Power Sector Reform in Brazil: Challenges to Private Investment

Wed Aug 01 16:24:00 EDT 2001
By Dr. Michael Rosenzweig, et al.

Brazil restructured its electricity sector at the end of 1994 for reasons not very different from those advanced in the other emerging economies of Latin America and elsewhere. During the 1980s and at the beginning of the 1990s there was increased awareness that government resources, even including credits from multilateral agencies, would be insufficient to satisfy the needs of a growing economy. Alternative funding for investment in infrastructure in general, and in the electricity sector in particular, had to be found, and private participation in monopolistic activities historically owned by the government became recognised as the only feasible resource. In developed countries like the United Kingdom, rationales for restructuring included objectives like competition, efficiency, expansion of the capital market, etc. In Brazil, the unavailability of economic resources drove reform. Unfortunately, Brazil has not yet been able to create an environment that induces purely private investment, and this shortcoming impedes the progress of the reform and the development of the power sector itself.

The Government of Brazil (GoB) adopted an electricity restructuring model that envisaged the introduction of competition and reliance on private investors who would take the necessary actions to guarantee an adequate supply of electricity. The model's premise was that profit-motivated private investors would assume the activities previously managed by the GoB and state governments, improve existing service, and provide the necessary funds and services. Thus, private investors would not only assume the control of those assets that belonged to the GoB/states but would also develop new infrastructure, and would be the only alternative for the provision of generation, distribution and retail services.
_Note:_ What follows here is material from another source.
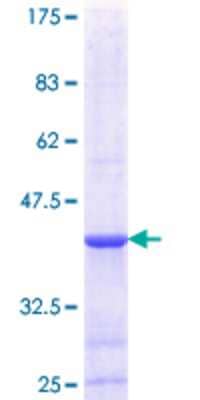 12.5% SDS-PAGE Stained with Coomassie Blue.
The GoB would redirect its actions to solve more fundamental problems of the country such as macroeconomic stability, education, and public health, and participate in the power sector only as a policy maker and as the sole provider of transmission service. The article explores the nature of the "private" investment in Brazil, presents the obstacles for private investment i.e. financial and development impediments, and shows the unsustainability of the reform based on the mix of private and governmental entities not capable of satisfying the growing power needs of the Brazilian market over the long term.

This article was published in Project Finance International, Issue 222, August 2001.